What the task asks – Once the line containing "How to Deep" is found, please copy it and all lines after it through the end of the records, exactly, leaving out pictures.

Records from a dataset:
..............................

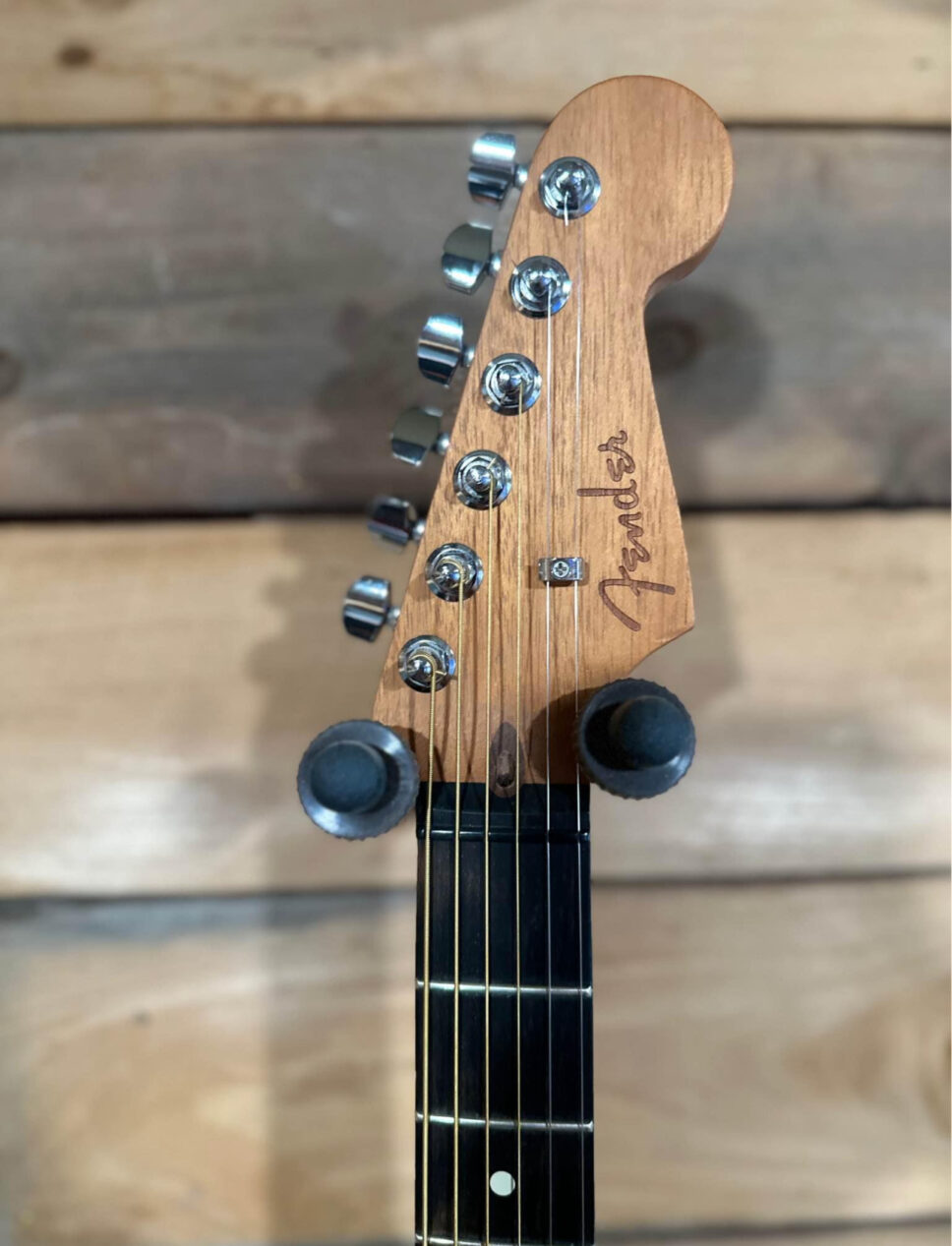 fender acoustasonic Stratocaster made in USA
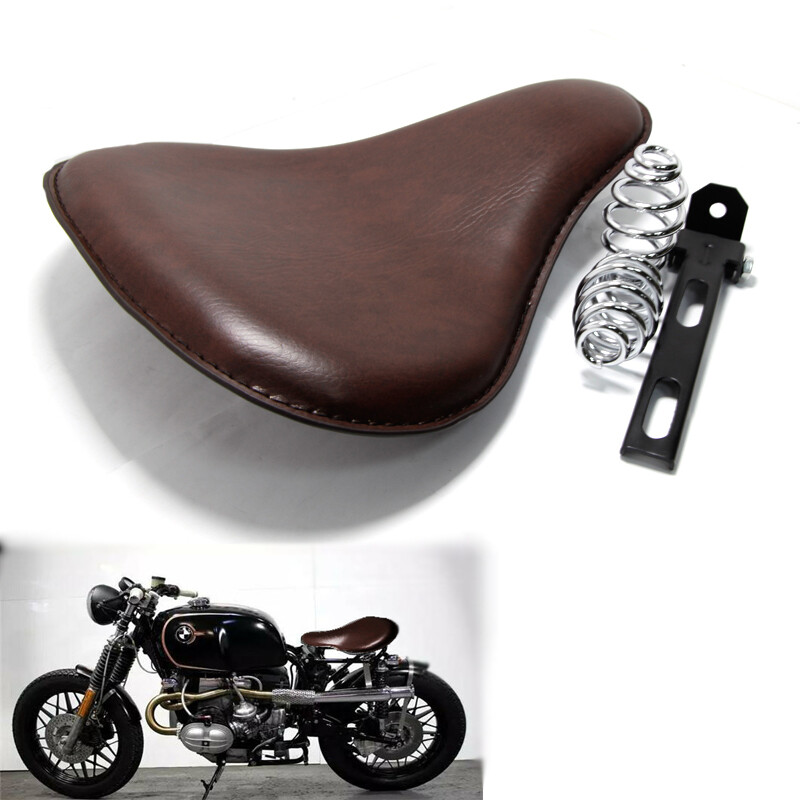 Motorcycle Parts Other Seat Parts Motorcycle Driver Spring Solo Seat Set For Honda Shadow Vt 500c 600 750 1100 Seats Seat Parts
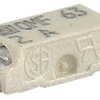 SMD fuse 7.4 x 3.1 mm, 63 mA, F, 63 V (DC), 63 V (AC), 50 A breaking capacity, 3402.0003.11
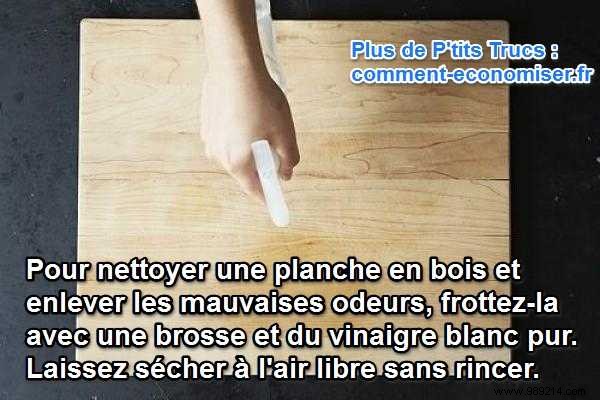 How to Deep Clean Your Wooden Cutting Board with White Vinegar – Grandma s Proven Method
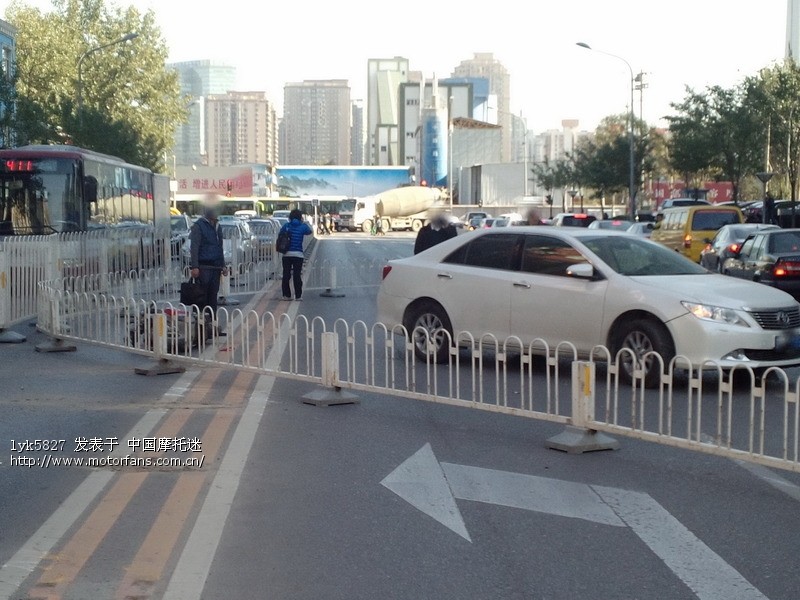 三无飞来的横祸 - 北京摩友交流区 - 摩托车论坛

..............................

Result for this exercise –
 How to Deep Clean Your Wooden Cutting Board with White Vinegar – Grandma s Proven Method
 三无飞来的横祸 - 北京摩友交流区 - 摩托车论坛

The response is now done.